On dit que Mozart a attendu la générale pour coucher l’ouverture de Don Giovanni sur le papier. De quelle façon l’histoire de Don Giovanni est préfigurée dans l’ouverture ?
Stéphane Braunschweig : L’ouverture de Don Giovanni, c’est d’abord un saisissement. On est pris dans le drame pendant les trente premières mesures qui préfigurent la scène du Commandeur. Ce démarrage est tellement saisissant que j’ai voulu en donner une lecture dans la mise en scène : l’ouverture est jouée scéniquement.
Certes, lorsque le spectateur qui n’a encore jamais vu Don Giovanni écoute l’ouverture, il ignore ce qui va se passer par la suite. Mais, d’emblée, Mozart fait planer l’ombre du Commandeur : même si on l’oublie, lorsque cette musique va revenir, on saura que cette ombre a toujours été là.
Lorsque le Commandeur vient chercher Don Giovanni pour l’amener aux enfers et lui demande de se repentir, on peut imaginer jusqu’au bout un suspens sur le fait de savoir si Don Giovanni va se repentir ou non. Mais il n’y a jamais de doute sur le fait qu’il va mal finir, et je crois que c’est ce que dit l’ouverture. C’est une petite divergence d’interprétation entre Jérémie et moi : je pense que, à travers cette figure du Commandeur, c’est la mort qui est présente dès le départ.
Dans la deuxième partie de l’ouverture, on passe à une musique vivante, mais qui est aussi pleine d’à-coups : il y a de la frivolité et des moments de peur. Don Giovanni est un opéra tendu entre la légèreté et la peur de la légèreté. Et c’est cela qui est déjà en germe dans l’ouverture.

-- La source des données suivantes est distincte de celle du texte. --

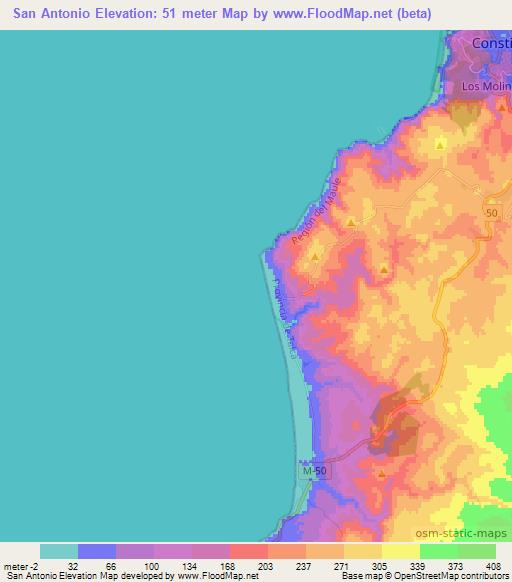 San Antonio,Chile Elevation Map
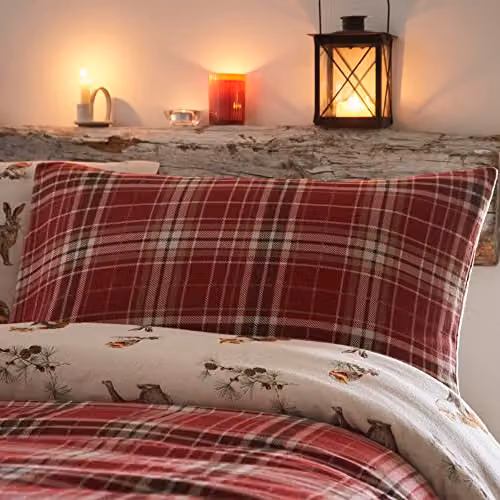 Dreams & Drapes Red Woodland Animals and Flannelette Checked Reversible Cotton Duvet Cover and Pillowcase Set, W/D/H: 200 x 200 cm – 3
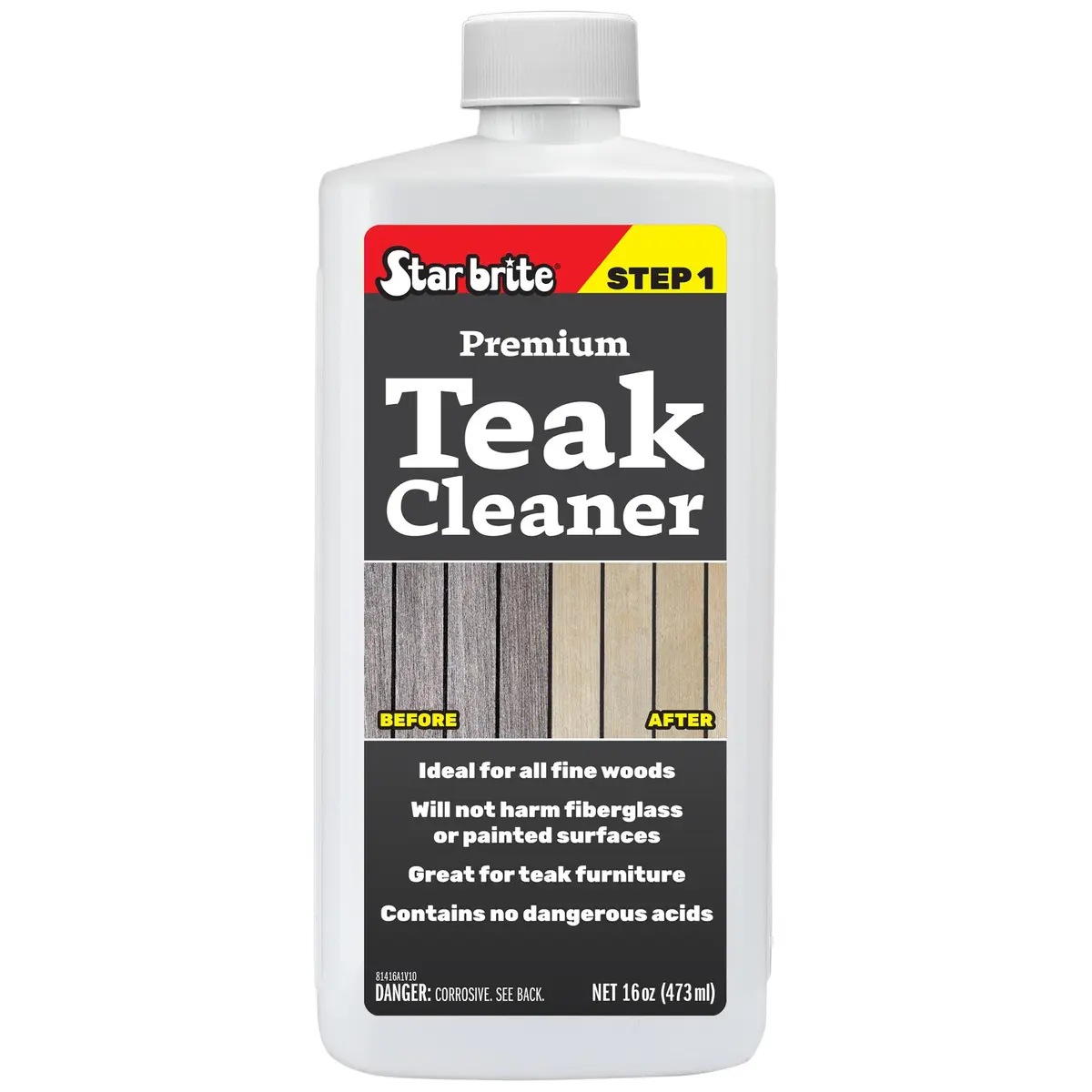 STAR BRITE Premium Outdoor Teak Cleaner 16 Fl Oz | Restores Weathered Gray Teak Without Sanding - main product image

Jérémie Rhorer : Une vision trop romantique a tendance à associer l’apparition du Commandeur à la mort. Il s’agit pour moi d’un contresens : si tel avait été le désir de Mozart, il aurait inclus dans l’ouverture ces gammes chromatiques descendantes qui poussent Don Juan vers l’enfer. Or, il ne l’a pas fait : la similarité entre l’ouverture et la scène du Commandeur concerne précisément l’arrivée du Commandeur. J’y vois certes une sorte de préfiguration du dénouement du drame, mais d’une manière très intuitive pour le compositeur, comme si Mozart disait: « Attention, vous allez entendre quelque chose que je n’ai encore jamais fait, il y a une épée de Damoclès au-dessus de ce dramma giocoso ». Et il développe une bonne section de cette atmosphère, avant de faire une pirouette pour revenir au style galant. Il y a quelque chose d’un cliffhanger dans cette construction, c’est tellement adroit puisque cela laisse justement la latitude à l’interprète de ne pas être condamné par une fin qui serait annoncée dès le départ.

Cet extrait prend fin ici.